Ben Davis, an art critic, analyzes the failure of Kamala Harris's 2024 presidential campaign through the lens of its visual culture, particularly a MoveOn.org poster in Brooklyn that renders Harris's face entirely from emojis—smiley eyes, fist-bump skin, octopus lips, and coconut necklace. He argues this poster epitomizes the campaign's reliance on incoherent internet vibes and substance-free memes, contrasting it with Shepard Fairey's uninspired "FORWARD" poster and the self-parody of "Brat Summer" aesthetics. Davis blames Democratic Party consultants for wasting over $1 billion on a campaign that failed to connect with voters on economic anger, instead offering wonkish proposals and appeals to nonexistent Liz Cheney Republicans.

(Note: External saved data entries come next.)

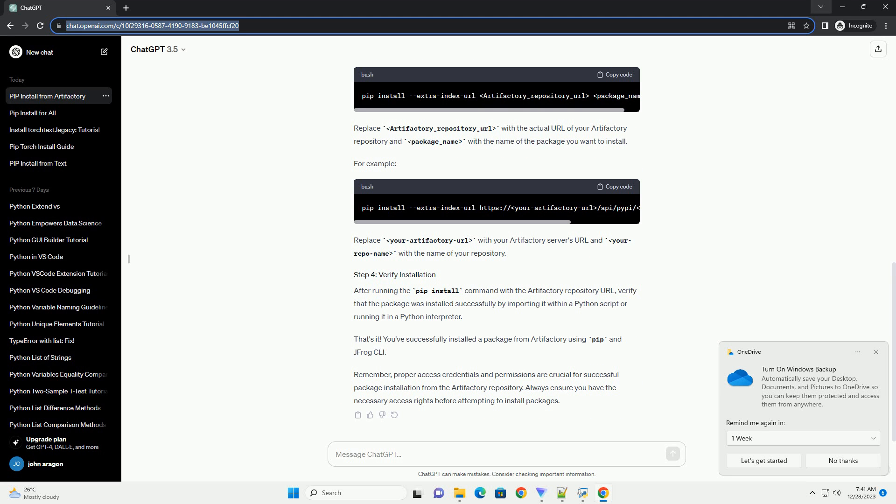Remember, proper access credentials and permissions are crucial for successful package installation from the Artifactory repository. Always ensure you have the necessary access rights before attempting to install packages.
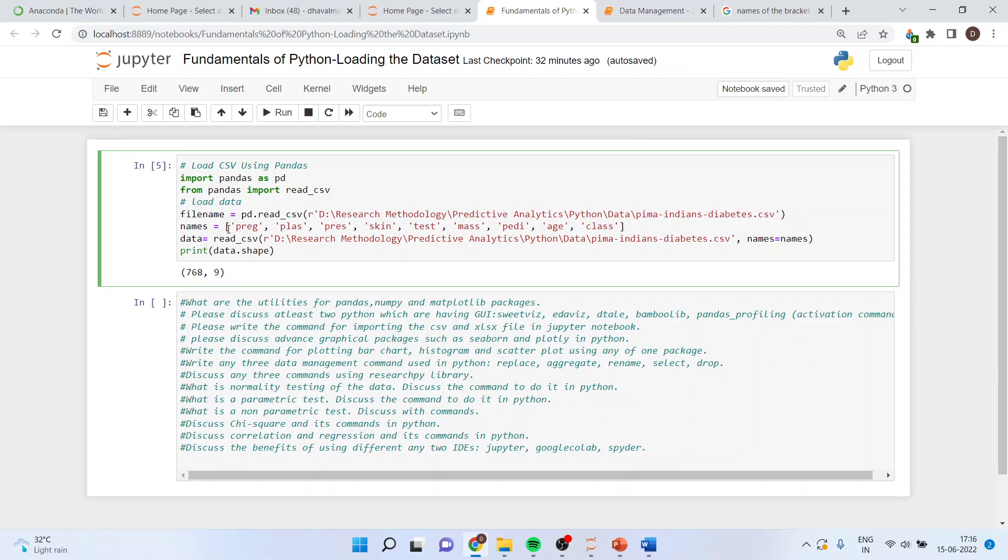Now, I will specify the name of the variables which are there in this data file. Then, I will write down data is equal to read underscore csv. The same command is repeated here. Names is equal to names for the variables which are there in the data file.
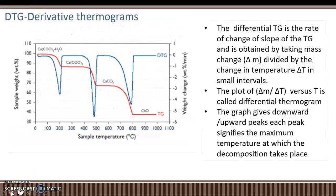Derivative thermograms, or DTG, are the derivatives of the curves obtained in thermogravimetric analysis.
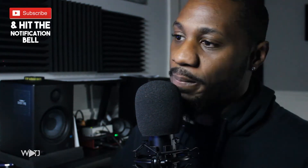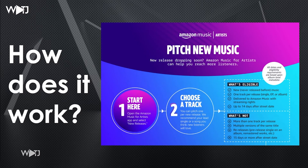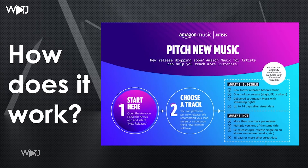Look at my screen here. First, you want to open up Amazon Music for Artists on your phone and select new releases, then choose a track. These tracks have some eligibility requirements. I'll start with what's NOT eligible: more than one track per release is not eligible, so you can't do a full album. Multiple versions of the same song, re-releases of previously released stuff like remasters, or music that is more than 15 days old — none of those qualify.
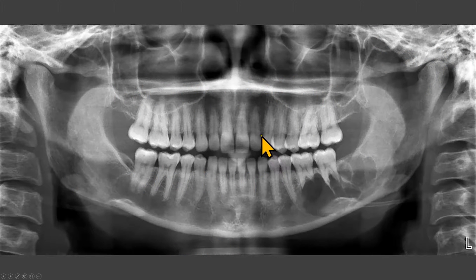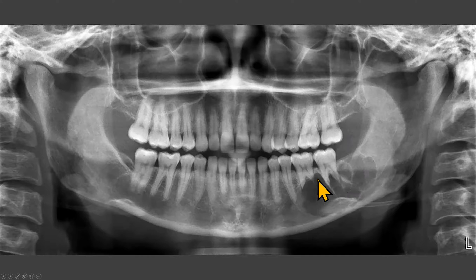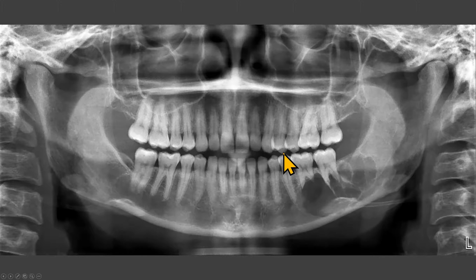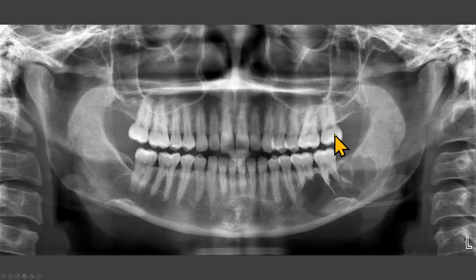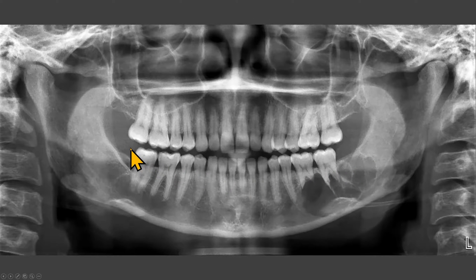Before you start interpreting a panoramic radiograph, evaluate if the patient positioning is correct. Then review all the teeth. I know you will be tempted to look at the striking finding in the mandibular left posterior region. Still, I recommend that you follow the standard protocol. My protocol is to start from the area of number 1 going to number 16, and then 17 to the area of 32. After that, I'll come back to the area of this lesion.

This matters because it highlights a broader crisis in political visual communication, where art and memes replace substantive messaging, alienating both artists and voters. Davis's critique underscores how the Harris campaign's aesthetic failures mirrored its strategic failures—lack of clear messaging, over-reliance on internet trends, and failure to address key issues like Gaza and the economy. The article serves as a cautionary tale about the dangers of treating elections as branding exercises, where "politics of joy" masks deep public discontent, and where art becomes a symptom of political dysfunction rather than a tool for genuine engagement.